The Day asked: Why did you vote against everyone, and who or what can change your stand?
Olena PLAKSIUK, manager of a game center, Khmelnytsky:
I am one of those Ukrainians who are not simply interested in politics but who analyze everything going on behind the political scene. Each time I ask myself: “What next?” I asked myself this question when it became clear that there was no way to avoid the early parliamentary elections. It didn’t take me long to find the answer, namely, that the new elections would bring the same people to parliament, and that nothing would change in my life and the life of my family and friends. That was why I voted against everyone. It may be naive, but I think that by casting my ballot for no one I made “them” give the quality of their “product” another thought.

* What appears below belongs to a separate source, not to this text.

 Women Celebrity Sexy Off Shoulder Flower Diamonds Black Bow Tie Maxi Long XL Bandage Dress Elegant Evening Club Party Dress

I don’t want to have a minister who doesn’t know the unit of radioactivity! I don’t want a militiaman who has worked in agriculture all his life! Why should I vote for those who in the end will form a government made up of nonprofessionals, to put it mildly? I don’t want to be a guinea pig in their experiments. I want to go to bed knowing, for example, that the health minister will not allow a bird flu epidemic to spread in my country.
I not only voted against everyone, I urged all my friends and colleagues to do the same. One vote is a drop in the ocean, ten votes is a wave, a million votes is a force that can bring the wind of change, even if it doesn’t happen tomorrow.
Kateryna LUDCHENKO, cell phone sales manager, Donetsk:
I read this joke a week before the election: “There are two kinds of trouble in Ukraine: fools and those who vote for them.” This is my laconic explanation of why I voted against everyone. There is a stereotype that everybody in Donetsk votes for Yanukovych. Wrong. All of them, Yanukovych, Yushchenko, Tymoshenko, Lutsenko, and many others are united by one thing: a thirst for power. However, in their breakthrough to the political Olympus, they appear not to know how to use this power (not in their interests but in the national interests) and why they actually need it. They know how to speak (not all of them, though), but are absolutely unable to act; they know how to spend their vacations in high style, they keep their own books in enviable order, but they can’t lead the country. That’s why they have to go. Yet they don’t even know how to go. In other countries, after political and economic bankruptcy people tender their resignations, but in our country?
I reacted loyally to the news about the early elections. Let them have elections every year. Then perhaps we will actually rejuvenate our politics and rid it of all those “talking heads.”
Liudmyla ZALOHINA, engineer, Simferopol:
For a long time I was not sure whether I should vote in the elections. I think my emotions as a voter are understandable; none of the political forces in the fifth Verkhovna Rada have justified the electorate’s expectations. I was ambivalent. On the one hand, I didn’t want to cast my ballot for anyone who would once again disappoint me, but on the other, I felt a protest rising in me, a protest against everyone. Then I realized that if I didn’t vote, someone in the election commission might use this advantage and cast my ballot for me. So I went to the polling station and was happy to see the box “Against Everyone.” I saw that this was precisely what I needed; it corresponded to my mood and desire.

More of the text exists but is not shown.